Carlos Santana znalazł się na szczycie zestawienia sprzedaży płytowej OLiS-u dzięki płycie „Guitar Heaven: The Greatest Guitar Classic Of All Time”.
Muzyk przejął tym samym koszulkę lidera od Stinga, który prowadził z krążkiem „Symphonicities”.
Gitarowe Niebo to muzyczne „dziecko” słynnego Clive’a Davisa z Sony Music, utrzymane w duchu obsypanego nagrodami Grammy albumu „Supernatural”, dzięki któremu w 1999 roku Santana triumfalnie powrócił na listy przebojów, a także kolejnych wydawnictw z podobnie silną obsadą wybitnych gości – płyt „Shaman” (2002) i „All That I Am” (2005).
Mimo to artysta przyznaje, że perspektywa stąpania po tak „uświęconym” muzycznym gruncie wywoływała w nim lekki niepokój.

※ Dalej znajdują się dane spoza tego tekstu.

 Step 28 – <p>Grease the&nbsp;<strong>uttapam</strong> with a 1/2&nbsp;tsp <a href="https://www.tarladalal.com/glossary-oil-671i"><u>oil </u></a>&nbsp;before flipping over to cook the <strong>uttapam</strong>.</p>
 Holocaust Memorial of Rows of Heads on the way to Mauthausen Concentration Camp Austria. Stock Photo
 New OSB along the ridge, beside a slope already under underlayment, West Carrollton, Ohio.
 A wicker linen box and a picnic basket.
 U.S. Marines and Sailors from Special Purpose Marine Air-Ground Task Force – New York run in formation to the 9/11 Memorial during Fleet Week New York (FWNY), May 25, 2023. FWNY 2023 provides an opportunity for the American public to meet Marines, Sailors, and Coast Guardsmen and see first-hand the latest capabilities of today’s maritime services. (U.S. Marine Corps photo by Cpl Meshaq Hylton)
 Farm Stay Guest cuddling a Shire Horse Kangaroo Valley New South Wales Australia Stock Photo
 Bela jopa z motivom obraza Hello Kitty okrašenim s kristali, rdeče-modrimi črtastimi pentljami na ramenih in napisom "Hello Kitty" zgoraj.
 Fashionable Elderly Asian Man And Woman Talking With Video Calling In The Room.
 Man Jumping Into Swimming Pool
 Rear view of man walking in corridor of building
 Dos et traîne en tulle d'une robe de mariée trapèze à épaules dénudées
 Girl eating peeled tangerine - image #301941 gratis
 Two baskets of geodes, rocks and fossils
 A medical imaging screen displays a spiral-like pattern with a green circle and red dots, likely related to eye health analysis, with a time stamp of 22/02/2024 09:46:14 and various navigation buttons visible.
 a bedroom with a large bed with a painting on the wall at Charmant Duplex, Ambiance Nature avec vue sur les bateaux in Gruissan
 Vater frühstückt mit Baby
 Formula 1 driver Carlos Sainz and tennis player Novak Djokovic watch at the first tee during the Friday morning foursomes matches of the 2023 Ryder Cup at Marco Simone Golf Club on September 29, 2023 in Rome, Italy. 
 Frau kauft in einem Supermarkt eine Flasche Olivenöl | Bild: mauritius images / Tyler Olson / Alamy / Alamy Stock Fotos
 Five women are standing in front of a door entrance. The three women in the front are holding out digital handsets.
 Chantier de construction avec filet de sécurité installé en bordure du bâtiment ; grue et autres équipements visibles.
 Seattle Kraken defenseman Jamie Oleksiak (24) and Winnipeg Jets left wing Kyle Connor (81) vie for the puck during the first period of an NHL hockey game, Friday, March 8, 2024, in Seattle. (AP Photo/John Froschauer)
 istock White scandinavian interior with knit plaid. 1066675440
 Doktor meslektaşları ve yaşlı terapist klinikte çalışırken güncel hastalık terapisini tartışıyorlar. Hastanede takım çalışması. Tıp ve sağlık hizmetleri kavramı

” Właściwie to Clive musiał wciągnąć mnie siłą w swoją pasję” – zaczyna 63-letni Santana, który urodził się w Meksyku, a dorastał w aglomeracji San Francisco Bay Area. „Ja mówiłem: Nie, nie jestem pewien, czy chcę zająć się akurat tym kawałkiem, Clive. To dość ambitne wyzwanie, trochę się obawiam. W takich chwilach Clive wisiał ze mną na telefonie przez jakieś 45 minut do godziny, a ja biadoliłem: O, Boże…„.
„Guitar Heaven” to już jednak rozdział zamknięty, a Santana powoli zaczyna myśleć o kolejnych projektach. Wśród nich poczesne miejsce zajmuje „Shape Shifter” – płyta, na której mają znaleźć się „wyłącznie utwory instrumentalne w wykonaniu mojego zespołu Santana i mnie samego”. Artysta prowadzi też z perkusistą Naradą Michaelem Waldenem rozmowy na temat projektu symfonicznego, którego kanwą stałaby się najprawdopodobniej muzyka Alice Coltrane i inne, najróżniejsze style muzyczne z całego świata.
Tymczasem fani mogą spotkać swojego idola na koncertach z cyklu „Supernatural Santana: A Trip Through the Hits”, które odbywają się w Hard Rock Hotel & Casino w Las Vegas, gdzie wirtuoz zameldował się na pobyt czasowy.
„To niesamowite doświadczenie” – mówi Santana. „Czasami mój głos wewnętrzny mówi mi: Zrób coś, o czym mówiłeś, że nigdy tego nie zrobisz. Dostałem szansę, by wykonywać moją muzykę w okolicznościach, z jakimi wcześniej nie miałem styczności. Wychodzę z mojego apartamentu, schodzę do hotelowej restauracji, a tam czekają ludzie, którzy chcą zrobić sobie ze mną zdjęcie – siedem czy dziewięć osób, które przyleciały tu dla mnie z Australii, Paryża, Kansas, Florydy… Mówię wtedy do siebie: Boże, jestem jak Michael Jackson w wersji mini! Co tu się, u licha, dzieje?!.”
„Dzięki temu dane mi jest oglądać Carlosa z zupełnie innej, podniebnej perspektywy” – kończy rozmowę Santana – „ponieważ każdego dnia, w sposób namacalny, spotykam ludzi, którzy ze względu na mnie wydają pieniądze na bilet lotniczy, hotel, bilet na mój koncert, na restaurację. Dzięki temu to, co robiłem przez całe życie, nabiera nowego znaczenia, a ja sam mogę być bardziej obecny tu i teraz, nie w przyszłości czy przeszłości, ale wszędzie, gdzie akurat jestem.”
Wyimki pochodzą z tekstu Gary’ego Graffa z „The New York Times”.